During the research on this instrument, we discovered that, always as far as the documentation goes, it traveled accompanied by another object from the collection: the musical clock with registration number MDMB 36, which is in the museum's reserves. Among the museum's documentation, we have the entry records dated February 20, 1943, which indicate that both the Evans and the clock came from the Museums of Art of Barcelona. We also have the inventory records of the furniture and works of art of the Pedralbes Palace, made in 1931 when the Barcelona City Council confiscated the palace. We also have a copy of the minutes of the meeting in which the Museum Board requested the transfer of both instruments and decided that the objects would go to the Albéniz Pavilion in Montjuïc to be part of the new Museum of Ancient Musical Instruments that was being designed.
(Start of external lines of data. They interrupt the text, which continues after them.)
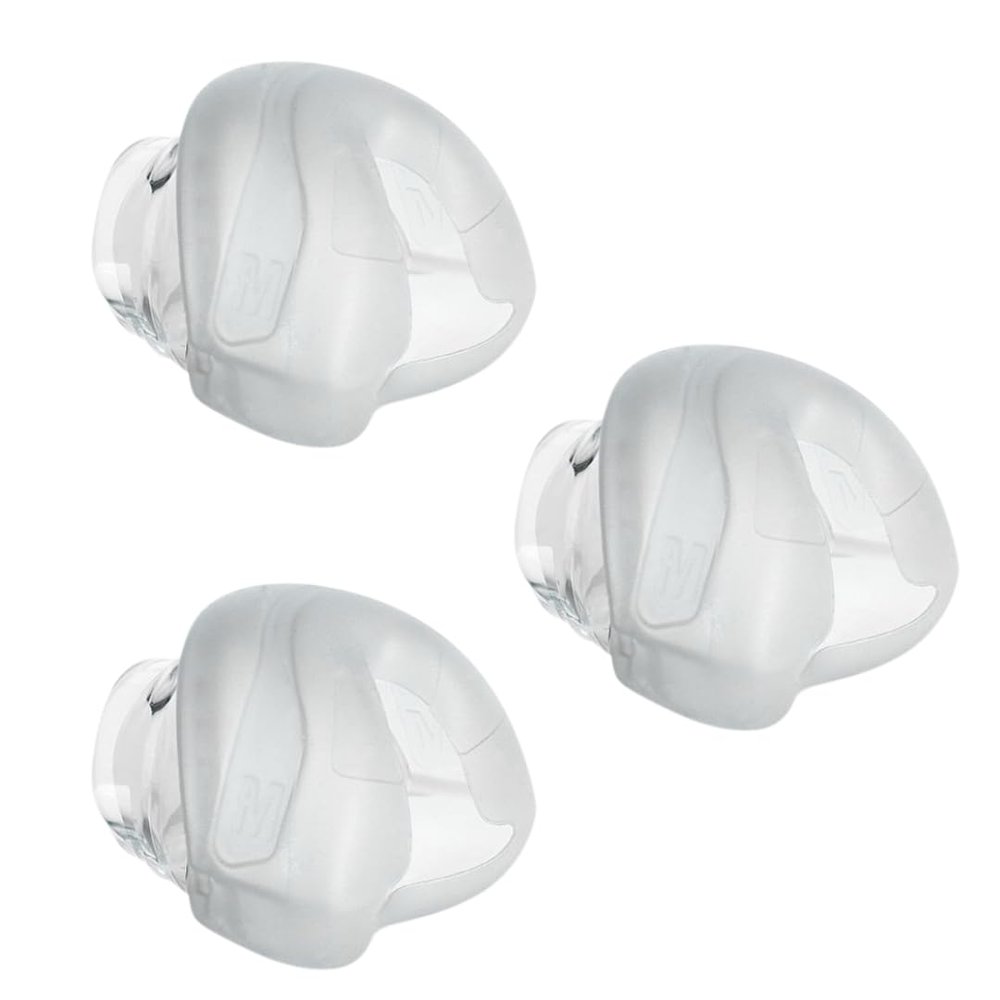 NineLife Basics Replacement E-Son Nsal Cushion (Seal) Large (3 Pack), Clear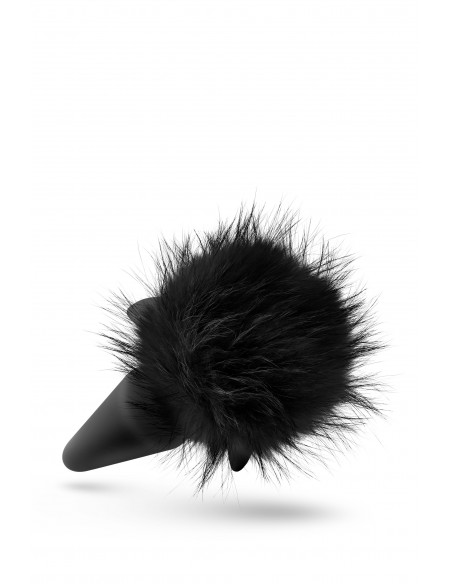 Anal Adventures Rabbit Tail Plug - Korki analne z ogonkiem - 4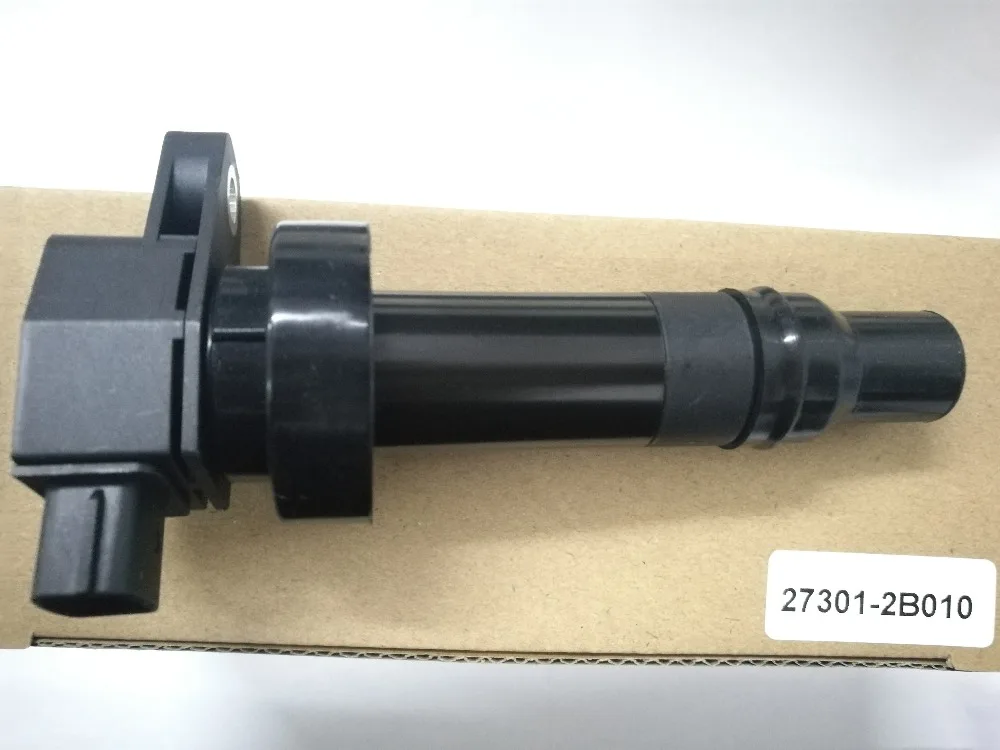 Катушка зажигания 27301 2b010 273012B010 для Hyundai Kia 10 11 Soul 1 6 л гарантия год|Катушка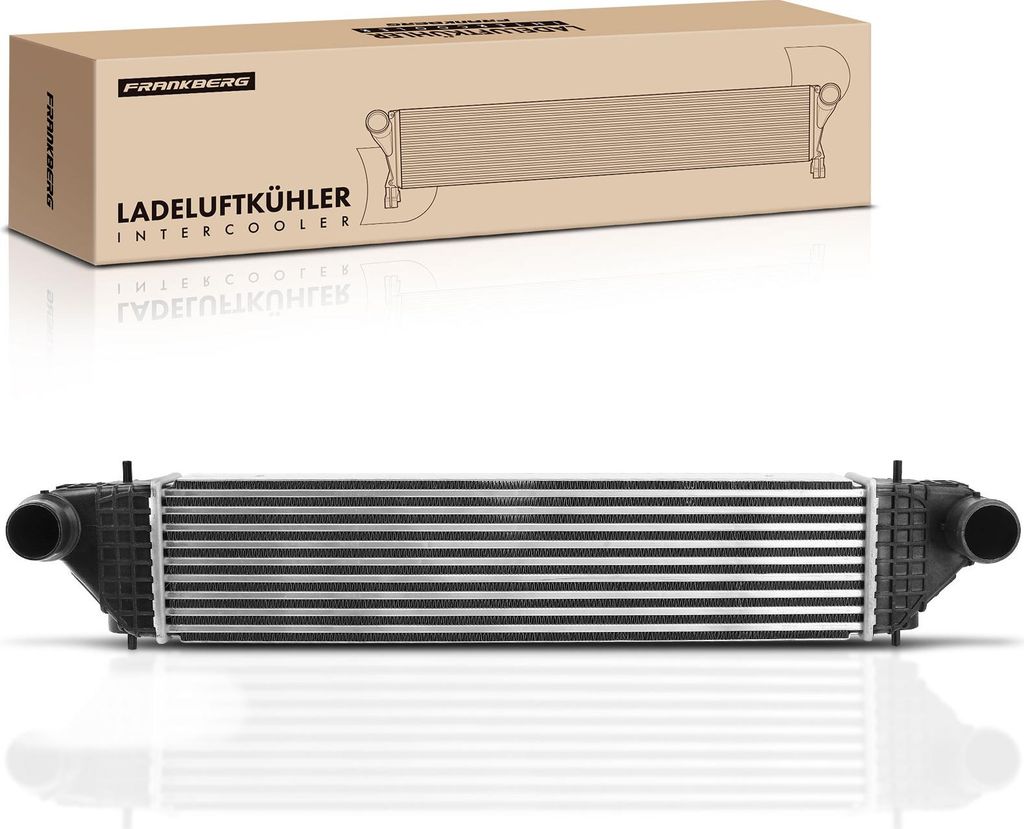 Frankberg 1x Ladeluftkühler Turbokühler für Mitsubishi Eclipse Cross GK Outlander 3 1.5L 2.2L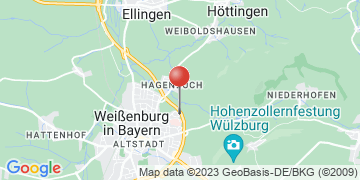 Wegbeschreibung - Google Maps anzeigen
At the start of the research, these were the available pieces of evidence regarding the two instruments in the collection: furniture built for Carlos III in 1762, which was part of the furniture of the Pedralbes Palace until 1931, donated to the new museum in 1932, and entered into the museum in 1943. However, we asked ourselves how and when they arrived in Barcelona and what their history was before becoming part of the museum.
The research leads us to:
- The reign of Carlos III and his interest in music (let's remember that he commissioned the purchase of the five Stradivari: 2 violins, 2 violas, and a cello for his son Carlos IV, which are still preserved in the Palacio Real in Madrid).
- The reign of Carlos IV and the clockmakers of his chamber, with the appearance of the "cylinder makers."
- The French Revolution and the inclusion of Nicolas Jeandel as an author of the instrument.
- The Liberal Triennium and Absolutism during the reign of Ferdinand VII.
- A visit to the Güell Palace to see the relationship between the Güell family and the Spanish monarchy.
- The history of the Pedralbes Royal Palace and the Second Republic.
- Finally, we return to the starting point: the Spanish Civil War, when the creation of the Museum of Music was postponed. It was eventually inaugurated in 1943 in a wing of the second floor of the Barcelona Conservatory of Music, on Bruc Street, where both instruments are now part of the municipal collections.
We hope to see this great research soon published in a book.